━━ Information supplied ━━
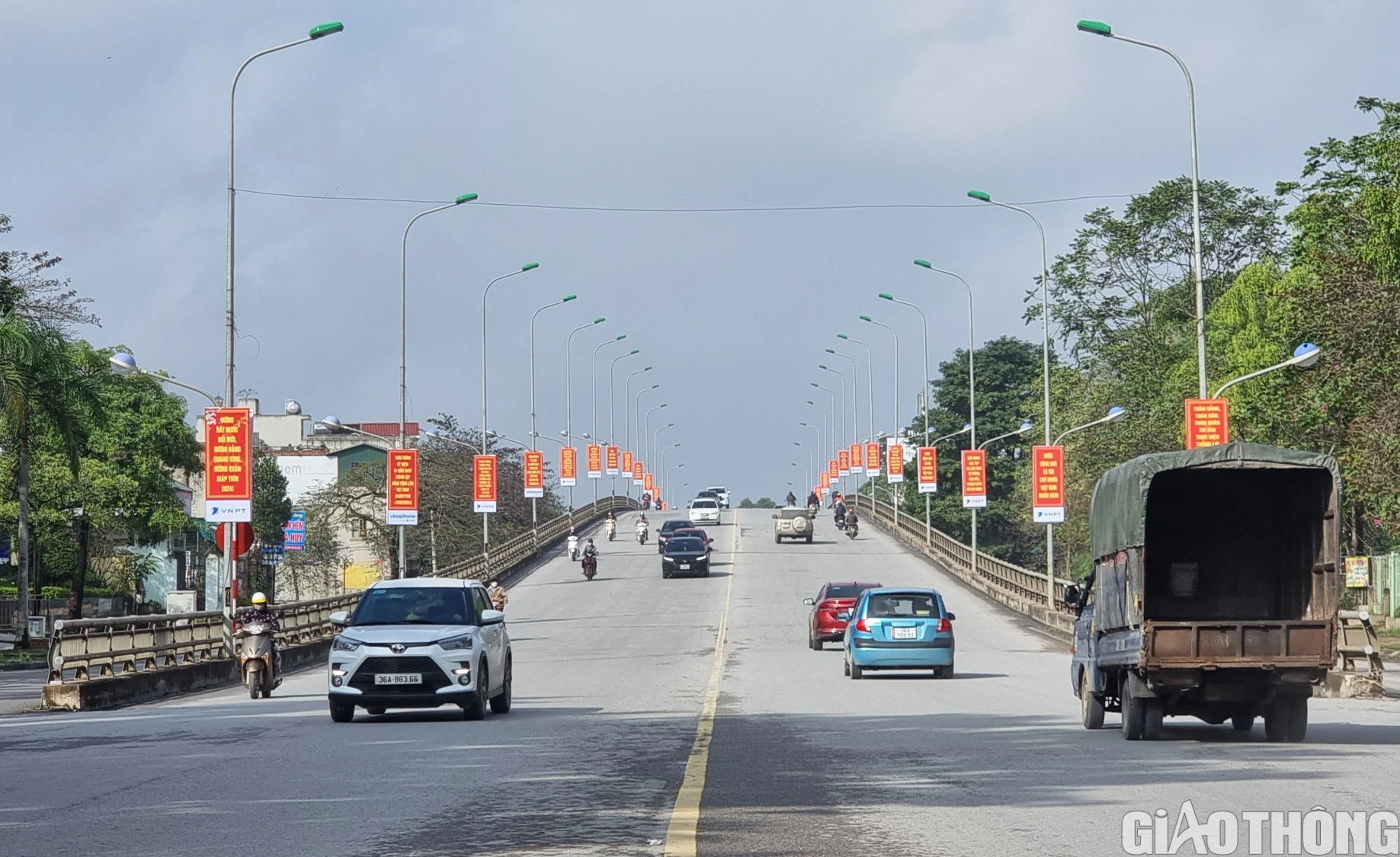 Đề nghị lắp dải ph&acirc;n c&aacute;ch sau vụ &ocirc; t&ocirc; con lấn l&agrave;n đ&acirc;m bay 2 c&ocirc; g&aacute;i rơi xuống cầu tử vong- Ảnh 1.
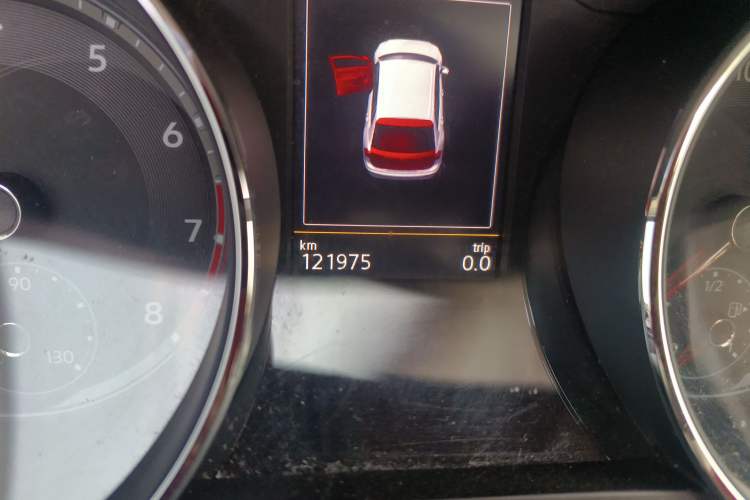 Used Volkswagen Tiguan L 2017 330TSI Automatic Two-Wheel Drive Luxury Edition Odometer Close Up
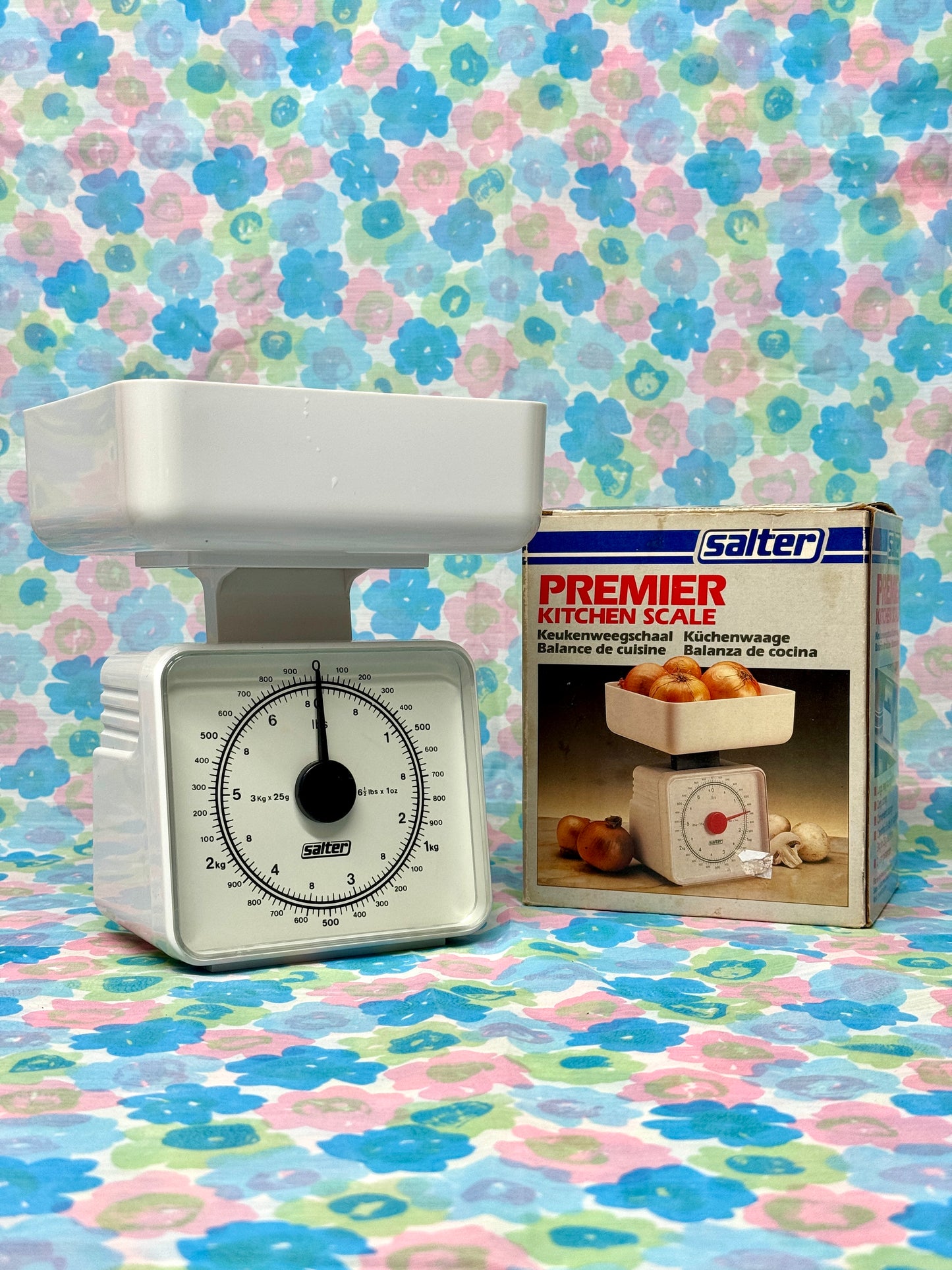 Vintage Salter Premier Kitchen Scale with Original Box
━━━
Extract the full listing above verbatim; pictures are to be left out of the copy.

- **Response to this task**
 Đề nghị lắp dải ph&acirc;n c&aacute;ch sau vụ &ocirc; t&ocirc; con lấn l&agrave;n đ&acirc;m bay 2 c&ocirc; g&aacute;i rơi xuống cầu tử vong- Ảnh 1.
 Used Volkswagen Tiguan L 2017 330TSI Automatic Two-Wheel Drive Luxury Edition Odometer Close Up
 Vintage Salter Premier Kitchen Scale with Original Box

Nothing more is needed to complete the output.